Use MB lookup to resolve ambiguous artist names by OzGav · Pull Request #3862 · music-assistant/server

OzGav · 2026-05-10T12:57:19Z

Resolving multiple artist names has been a perennial problem. In my most recent adjustment to the logic I moved to using the MBID count to try and identify when the heuristic split did not match the expected number of artists. That didnt solve the problem but at least made it visible. This PR takes the next step: when that count mismatch is detected, use the MBIDs to look up canonical names from MusicBrainz instead of just logging a warning and going with the wrong split.

So this PR adds:

When MusicBrainz Artist IDs / Album Artist IDs are present in tags and the parsed artist count does not match the MBID count, resolve canonical names from the MusicBrainz API and use those instead of the heuristic split. Applies to both track artists and album artists.
When counts already match the parsed names are trusted as before, so cleanly-tagged libraries do no network calls.
MusicbrainzProvider.get_artist_details is cached for 30 days so repeat MBIDs across tracks are effectively free.
Failed individual MBID lookups are dropped rather than being substituted from the tag-parsed names — matching by position is unsafe when the counts already disagree. If every lookup in a track fails, fall back to the tag-parsed names so the track still gets stored with something.

" presents " is added to FEATURING_SPLITTERS to handle "Above & Beyond presents OceanLab" and similar. The current heuristic produces the correct count (2) on that string but on the wrong boundary, so the current count-mismatch check would not catch it and the MB lookup would never fire. Thus the splitter addition is needed independently.

marcelveldt · 2026-05-11T09:38:19Z

We should be careful with this;

Its potentially going to do a call to MB for each track in a user's library. That is a lot of calls!
We have always said that users tags are always leading - this change adjusts that a bit

What is the exact issue you are trying to solve here ?

OzGav · 2026-05-11T10:15:53Z

Just had another new edge case where a user has the artist "Above & Beyond presents OceanLab" where we dont have the "presents" in FEATURING_SPLITTERS so the parsing failed.

Whilst I have improved things by comparing the number of MB IDs to the number of parsed artists it is still fragile.

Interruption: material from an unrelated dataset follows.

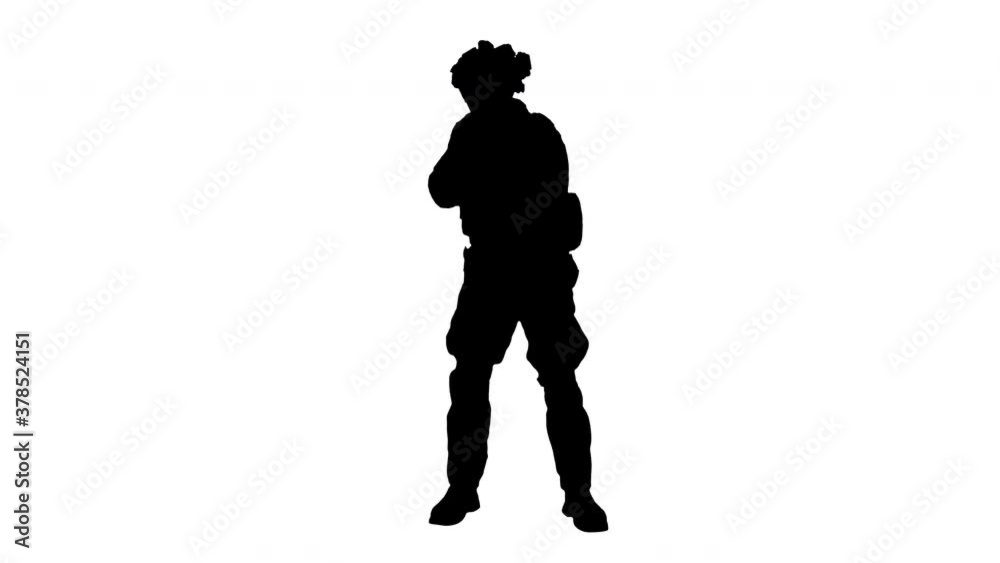 Army man pointing gun in multiple directions ready for combat, Alpha Channel Army man pointing gun in multiple directions ready for combat, Alpha Channel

If the number of MB IDs doesnt equal the number of parsed artists then we still currently pull the incorrect artists into the database and log a warning which isn't ideal (better but not ideal).

I just feel that if we have the MBIDs we could guarantee to get the artist names right and also solve any naming/ spelling/ language/ diacritics ambiguities.

I agree that this will increase the number of calls but only for new additions to peoples libraries and only once when the track is first added to the database. I considered the further mitigation that the MBID lookup is cached for 30 days so a user with 50 Beatles tracks does 1 lookup not 50.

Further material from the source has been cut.